[Record set — start]
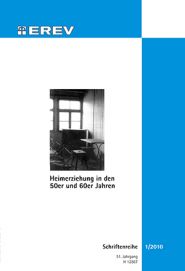 Cover Heft Nr.Heft 01 / 2010 Heimerziehung in den 50er und 60er Jahren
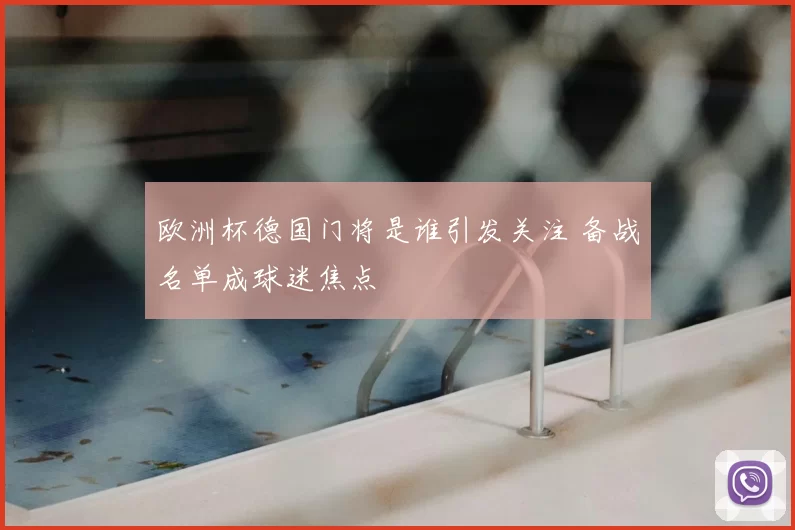 欧洲杯德国门将是谁引发关注 备战名单成球迷焦点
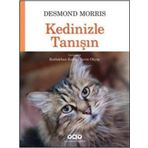 Kedinizle Tanışın - Desmond Morris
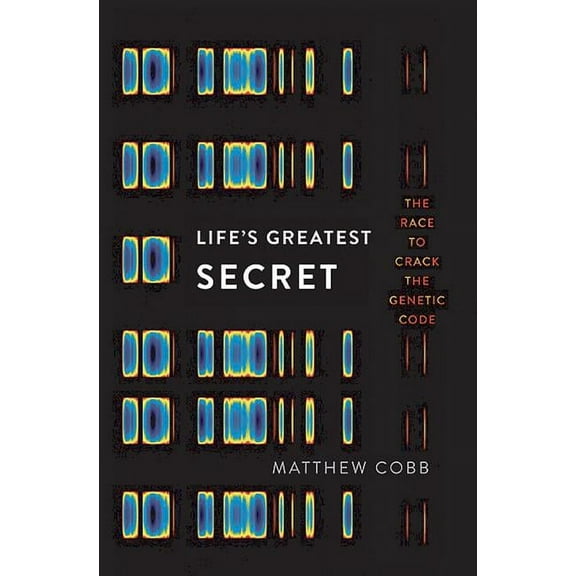 Life's Greatest Secret: The Race to Crack the Genetic Code, (Hardcover)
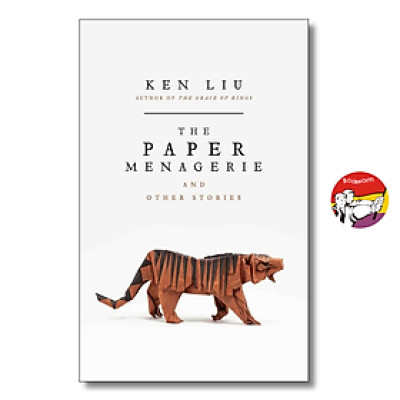Sách - The Paper Menagerie and Other Stories by Ken Liu -  Fantasy/Fiction book in English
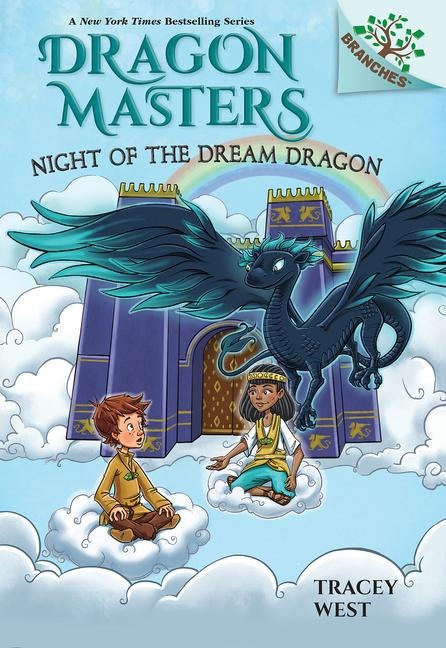 Night of the Dream Dragon: A Branches Book (Dragon Masters #28) - Tracey West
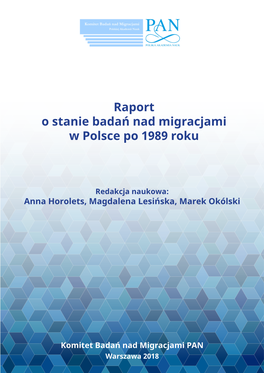 Raport O Stanie Badań Nad Migracjami W Polsce Po 1989 Roku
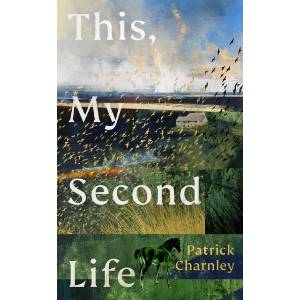 This, My Second Life | Patrick Charnley (ISBN: 9781529155259)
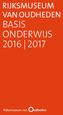 RIJKSMUSEUM VAN OUDHEDEN BASIS ONDERWIJS 2016 2017
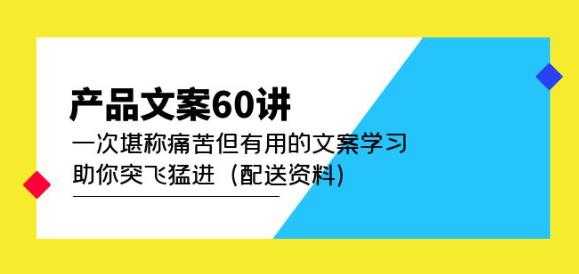 图片[1]-产品文案60讲：一次堪称痛苦但有用的文案学习助你突飞猛进（配送资料）-课程网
[Record set — finish]
Retype only the lines above from the one with "Night of the" through the last, both ends included, keeping every picture out of the copy.

Result for this task -
 Night of the Dream Dragon: A Branches Book (Dragon Masters #28) - Tracey West
 Raport O Stanie Badań Nad Migracjami W Polsce Po 1989 Roku
 This, My Second Life | Patrick Charnley (ISBN: 9781529155259)
 RIJKSMUSEUM VAN OUDHEDEN BASIS ONDERWIJS 2016 2017
 图片[1]-产品文案60讲：一次堪称痛苦但有用的文案学习助你突飞猛进（配送资料）-课程网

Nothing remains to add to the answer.